*** THE DATA Section Begins ***
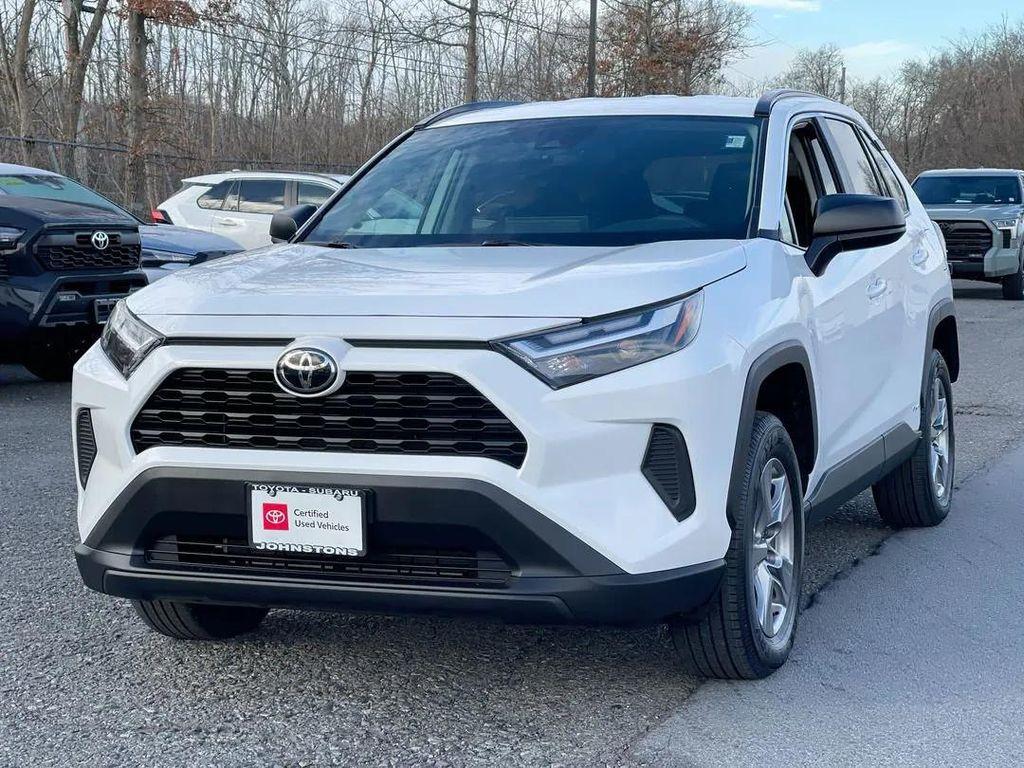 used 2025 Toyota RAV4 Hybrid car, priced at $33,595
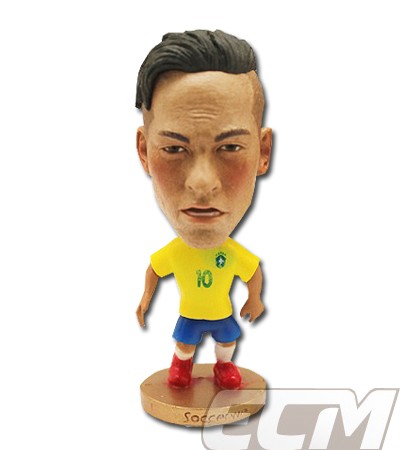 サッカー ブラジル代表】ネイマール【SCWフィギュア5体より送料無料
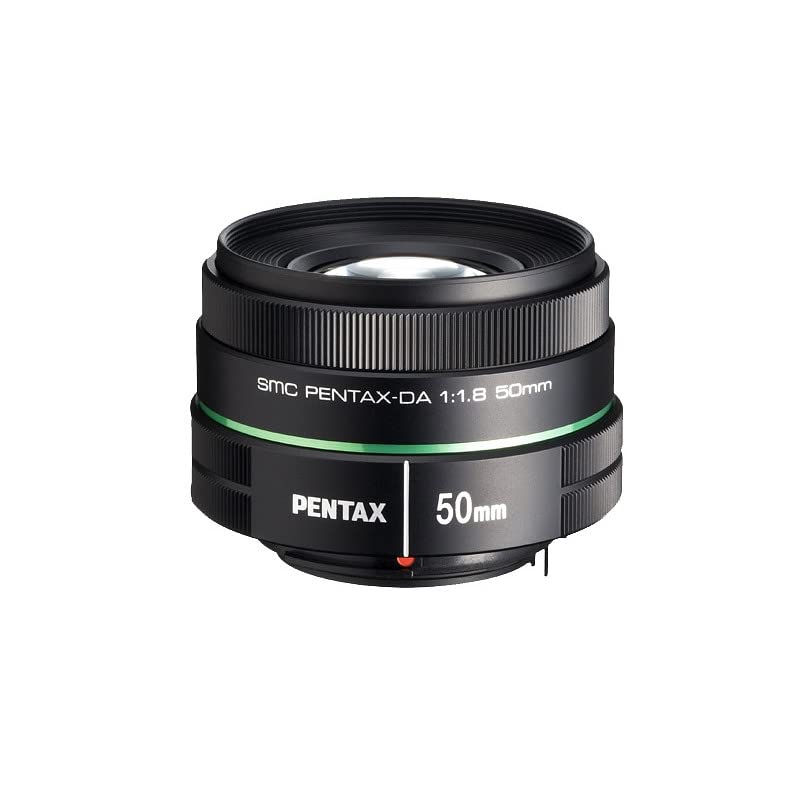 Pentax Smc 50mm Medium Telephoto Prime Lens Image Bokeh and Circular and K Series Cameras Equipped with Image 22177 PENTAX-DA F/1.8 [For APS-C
*** THE DATA Section Ends ***
WHAT IS BEING ASKED: Would you print the listing above in full, exactly, but with no pictures?

SOLUTION TO THIS PROBLEM:
 used 2025 Toyota RAV4 Hybrid car, priced at $33,595
 サッカー ブラジル代表】ネイマール【SCWフィギュア5体より送料無料
 Pentax Smc 50mm Medium Telephoto Prime Lens Image Bokeh and Circular and K Series Cameras Equipped with Image 22177 PENTAX-DA F/1.8 [For APS-C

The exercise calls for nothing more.